[Opening DATA SHOWN section]
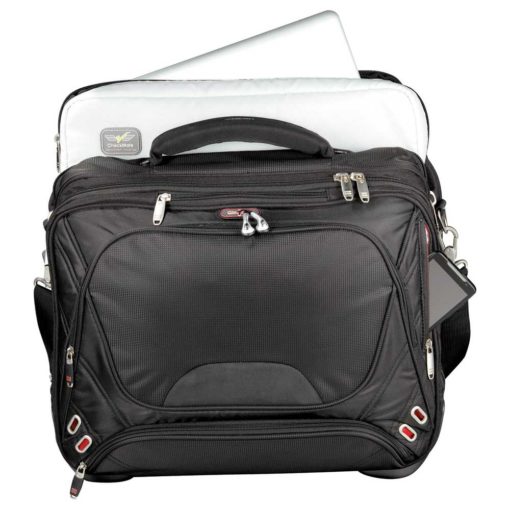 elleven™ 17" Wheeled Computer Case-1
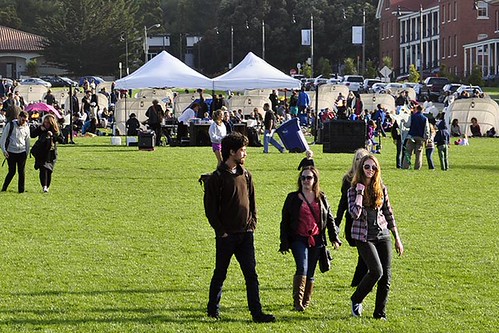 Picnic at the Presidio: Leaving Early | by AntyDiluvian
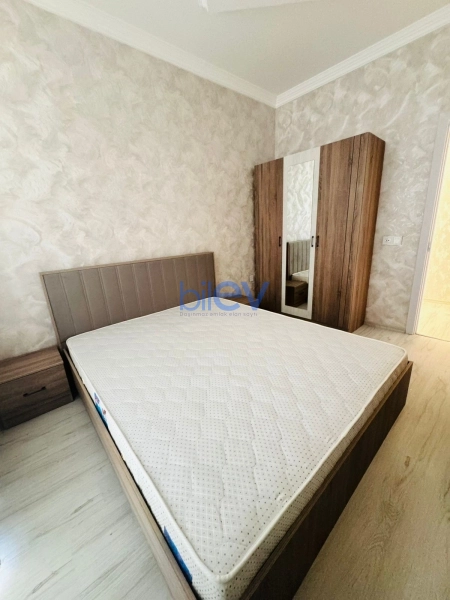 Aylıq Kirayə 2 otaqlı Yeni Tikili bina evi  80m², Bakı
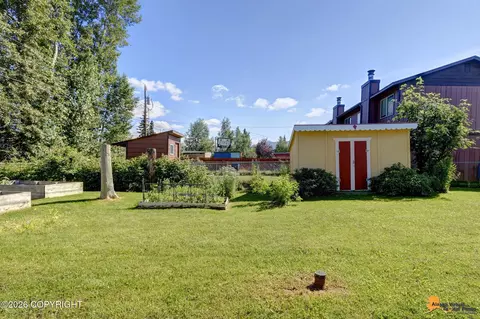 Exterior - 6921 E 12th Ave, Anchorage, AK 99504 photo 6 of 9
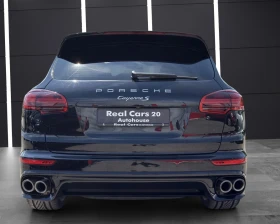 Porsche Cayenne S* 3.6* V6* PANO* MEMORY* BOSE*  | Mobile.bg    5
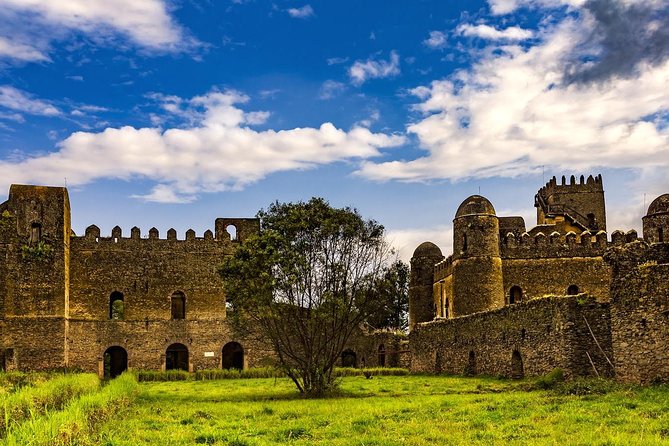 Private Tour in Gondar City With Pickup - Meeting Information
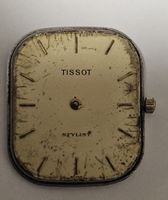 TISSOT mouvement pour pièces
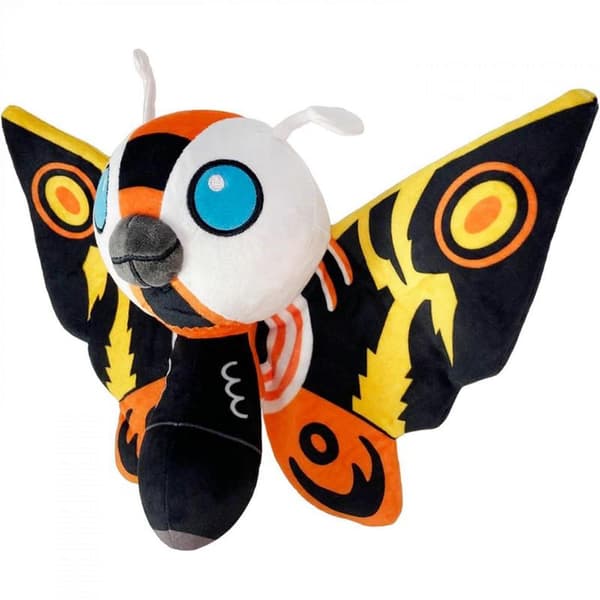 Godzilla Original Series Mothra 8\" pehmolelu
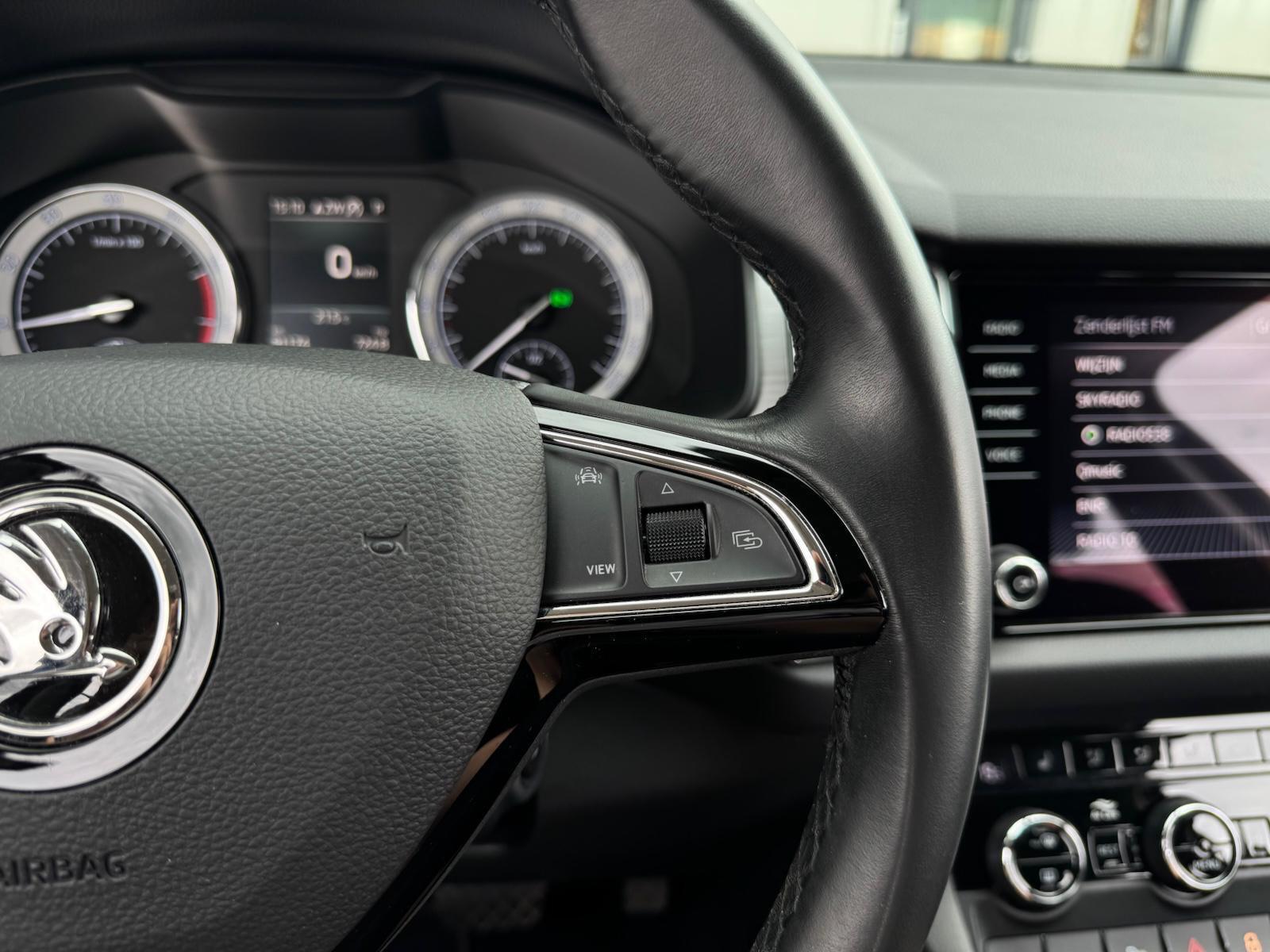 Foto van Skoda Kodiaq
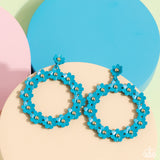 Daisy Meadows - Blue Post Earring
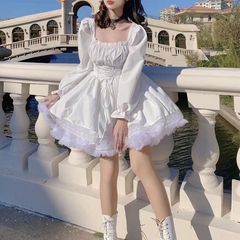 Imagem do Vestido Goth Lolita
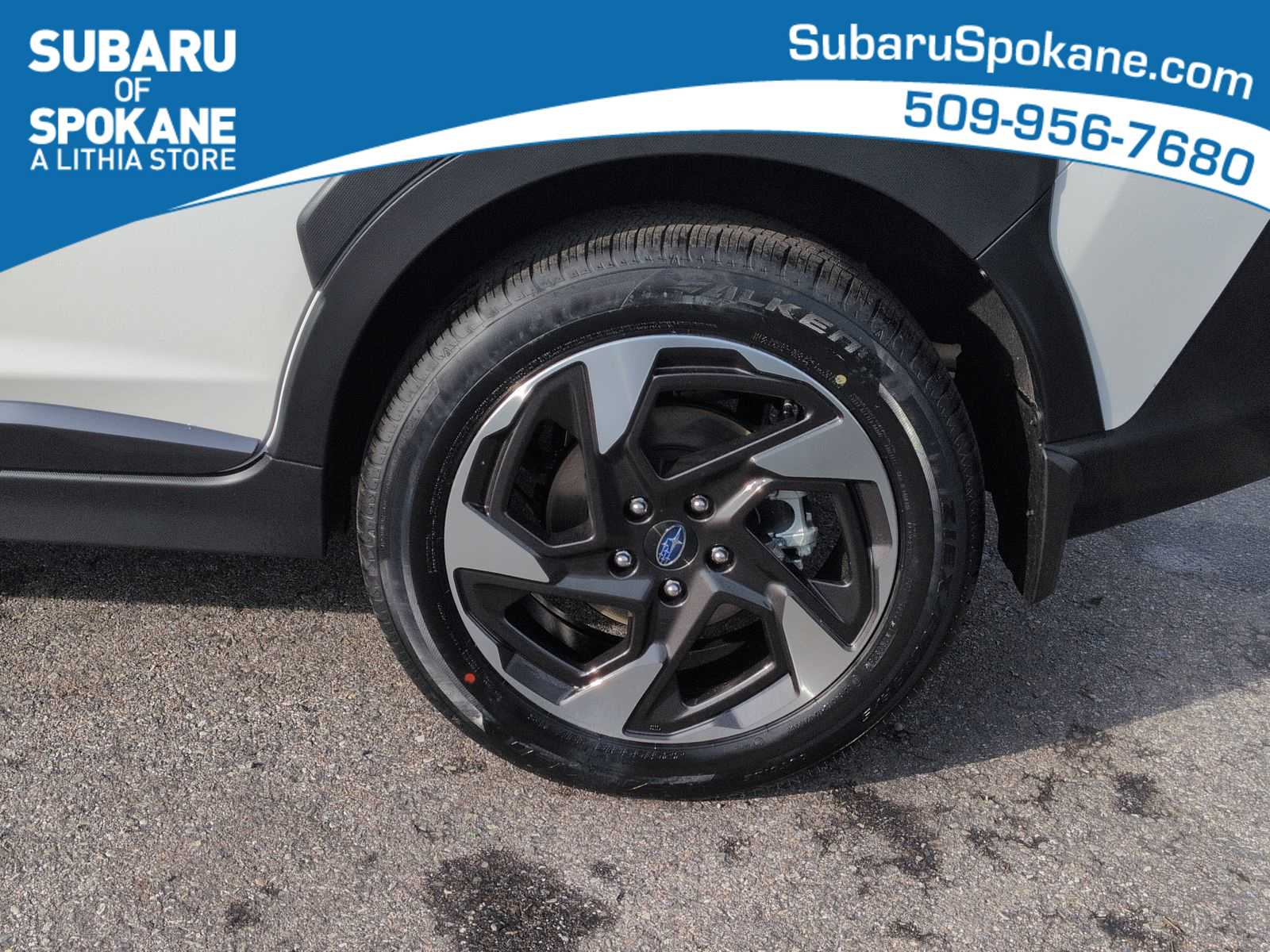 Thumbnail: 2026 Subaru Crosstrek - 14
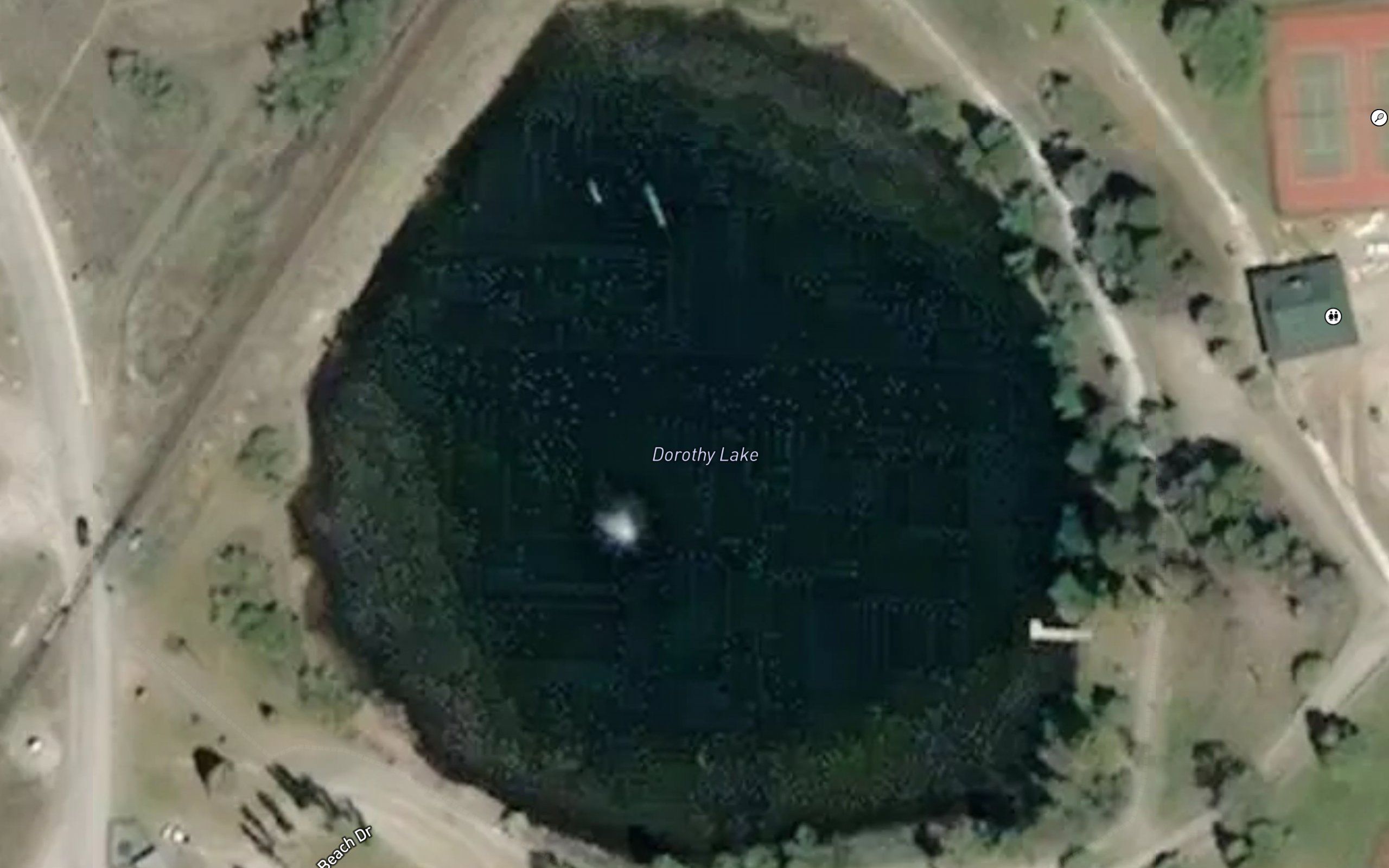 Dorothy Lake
[Closing DATA SHOWN section]
▸ WHAT YOU WILL DO: Take the line containing "Private Tour in" as the first and the last line of the records as the end. Print every line in that span exactly, leaving out pictures.

▸ FINISHED TASK:
 Private Tour in Gondar City With Pickup - Meeting Information
 TISSOT mouvement pour pièces
 Godzilla Original Series Mothra 8\" pehmolelu
 Foto van Skoda Kodiaq
 Daisy Meadows - Blue Post Earring
 Imagem do Vestido Goth Lolita
 Thumbnail: 2026 Subaru Crosstrek - 14
 Dorothy Lake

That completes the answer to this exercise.